See that cottonwood tree on the horizon? Straight down from that tree is a white rock. From the rock go to the left about 50 feet. Give me a shot in that area. OK great, now move to the right about 4 feet and a little up, give me another round in that area. OK, your in the neighborhood empty the clip about a foot below your last shot.
We use a 10/22 with a banana clip. These gophers are so far away they cant be seen without the spotting scope. The guy with the gun cant see what hes shooting at. The guy with the spotting scope is calling in the shots like artillery rounds.
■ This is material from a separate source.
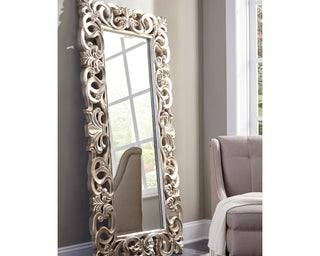Lucia Floor Mirror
The gopher isn't to shook up because the shots are coming from so far away he probably doesn't even hear them.


----------



## Fossilman (Mar 12, 2006)

Use to love shooting gophers,but not many around here anymore....


----------



## Fossilman (Mar 12, 2006)

Shot one the other day with my 17....Cal.,it blew the gopher out of the hole and 12 feet backwards..... :wink:


----------



## caribukiller (Oct 30, 2006)

my favorite way to kill gophers is to get a buddy to pour a bucket of water in one gopher hole than i stand at the other hole with a large stick or a baseball bat and when it pops out of the hole i hit it with the stick or bat. they usually die with one hit.


----------



## SODSUCKER (Mar 24, 2005)

caribukiller,
Wow what a sportsman!!!!! You and your buddy are my heroes.


----------



## caribukiller (Oct 30, 2006)

ya that was pretty fun. another game me and buddies used to play was doge the gopher. to play this insted of a bat we'd use a hockey stick and try hit the other guy with the dead gopher. i was the best at that but i broke like 4 sticks.


----------



## Gohon (Feb 14, 2005)

That went right over his head............


----------



## Splake (Apr 3, 2004)

Probably too much curve in the stick!


----------



## caribukiller (Oct 30, 2006)

hey i'm trying to be a $hit distuber and you guys are not helping


----------



## SODSUCKER (Mar 24, 2005)

caribukiller,
If you don't get help at Prairie please get help somewhere.


----------